また、専門担当に相談する前にネットなどでトレンドカラーをチェックしてみてもよいでしょう。
外壁塗装は色の特性を考慮しよう
こう言ってしまうとプレッシャーがかかってしまうかもしれませんが、
後悔しないためには、やはりさまざまなことを考慮して色選びをしなければならないのです。
せっかく塗装をしたのに、色の特性を考慮しなかったばかりに色あせや汚れの目立ち具合に悩んでしまう方もいます。
ここからは、色の特性について解説いたします。
色は室内温度も考慮して選ぶ
黒い服が太陽熱を吸収することは、誰でも知っていることです。
明度の高低により熱の吸収量が異なる…これは家の塗装色にも当てはまります。
明度の低い色を外壁に塗装すると室内の温度は上昇しやすくなり、明度の高い色を塗装すると室内の温度は影響を受けにくくなります。
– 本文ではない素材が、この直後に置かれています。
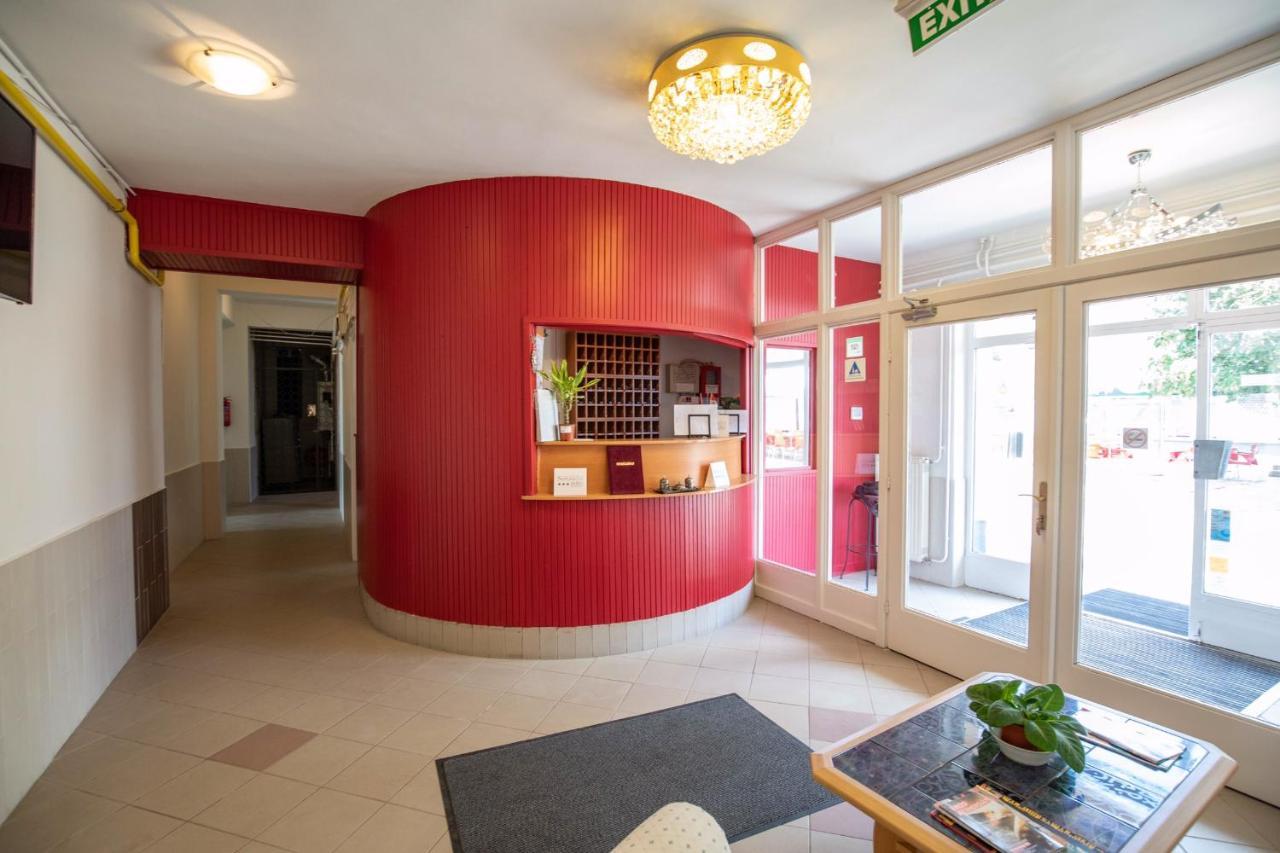 Nepliget Hotel Βουδαπέστη Εξωτερικό φωτογραφία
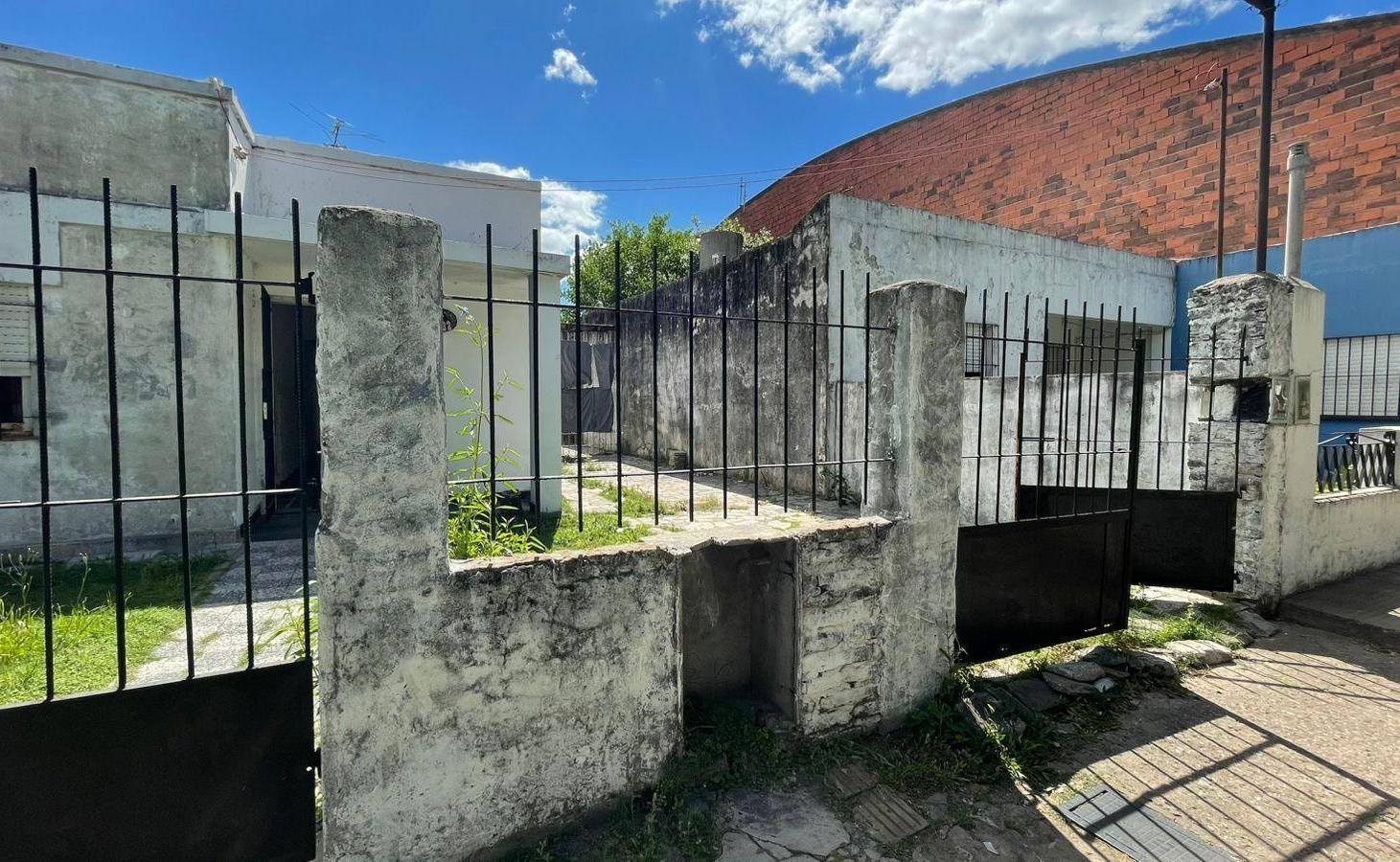 Foto de Venta Casa Villa Tesei Hurlingham Permuta, imagen 3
もちろん、遮熱塗料を使って空調効率を上げるという考え方もあります。
あせやすい色、あせにくい色
色にはあせやすい色とあせにくい色があります。
原色のようにあざやかな色はあせやすい色です。反対に、クリーム系などの少し控えめな色は、あせにくい色です。
色あせは、塗料に含まれている顔料が、紫外線などの影響で劣化することで起こります。
あせやすい原色に近い色は有機顔料が使われる傾向があり、少し控えめな色は無機顔料が使われる傾向があります。
通常はどの色にも両方の顔料が使われますが、その配合により「あせやすい」「あせにくい」という傾向が出てしまうので選定には注意し専門業者に相談しましょう。
汚れが目立ちやすい色、目立ちにくい色
おそらく、どなたでも想像できる汚れが目立ちやすい色といえば「白」でしょう。
ほかに「黒」もかなり汚れが目立ちやすい色です。
外壁に付着する汚れは、砂や土など、ほとんどが中間色なので、中間色の外壁は汚れが目立ちにくいといえます。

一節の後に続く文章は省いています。